Al platicar con padres de familia, niños, adolescentes, profesores y autoridades es fácil darse cuenta que la adaptación es la mejor herramienta ante las circunstancias adversas. La sala, el comedor, la recámara son ahora áreas de aprendizaje y estudio, las aulas actuales también tienen cuatro paredes pero son dirigidas por padres de familia, abuelos, hermanos, hasta vecinos y maestros tutelándolos apoyados por el internet y la televisión.
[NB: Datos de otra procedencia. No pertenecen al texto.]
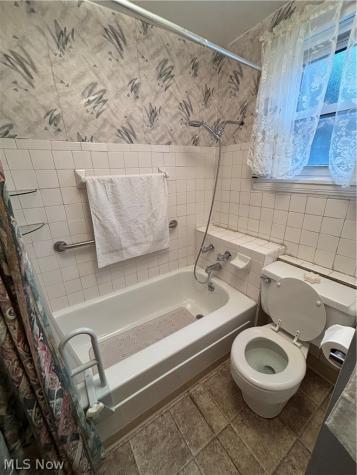 831 Whitcomb Road Cleveland OH 44110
Lecciones a la distancia por internet y televisión, pero más aún por maestros que realmente se esfuerzan, que usan nuevas herramientas, nuevas tecnologías, que doblan su capacidad para transmitir conocimiento. Videoconferencias, aplicaciones de mensajería, enlaces de páginas en la web, reportes y aportes, una pantalla y al otro lado intenciones, las mejores, para aprender y para enseñar, el futuro no tiene pausas sin importar qué tan grande o grave sea la contingencia.

Respeto por los niños y los adolescentes de ahora, sin importar que su presente esté rodeado de avances tecnológicos, siguen siendo humanos y siguen teniendo necesidades insustituibles, como los 30 minutos de recreo. Reconocimiento a los padres sobre todo a aquellos que trabajan, triple esfuerzo, familia, trabajo y docente de corazón improvisado. Maestros y maestras que no han recibido abrazos y preguntas, pero que no se han reservado pasión, como en todo hay de todo, en el tiempo como siempre se recuerda y valora a los mejores. Basado en lo anterior 15 días en semáforo amarillo sirven para cuestionar si el compromiso es el mismo por parte de todos.

Habría que darnos un espacio para reflexionar en cómo hubiéramos vivido o afrontado una situación similar en la niñez o la adolescencia algunas generaciones, las comparaciones serían notables, pero la actitud sería similar, sin duda, hacer lo mejor posible para salir adelante. El intenso deseo de querer que las cosas fueran diferentes nos debe dar la oportunidad que todo cambia, algunas veces de manera ordenada y con el tiempo necesario para adaptarse, otras veces no, tal como sucede ahora, lo mejor por hacer es entonces adaptarse y salir adelante, aprender y enseñar a distancia con la participación de todos es una muestra, es la vida misma.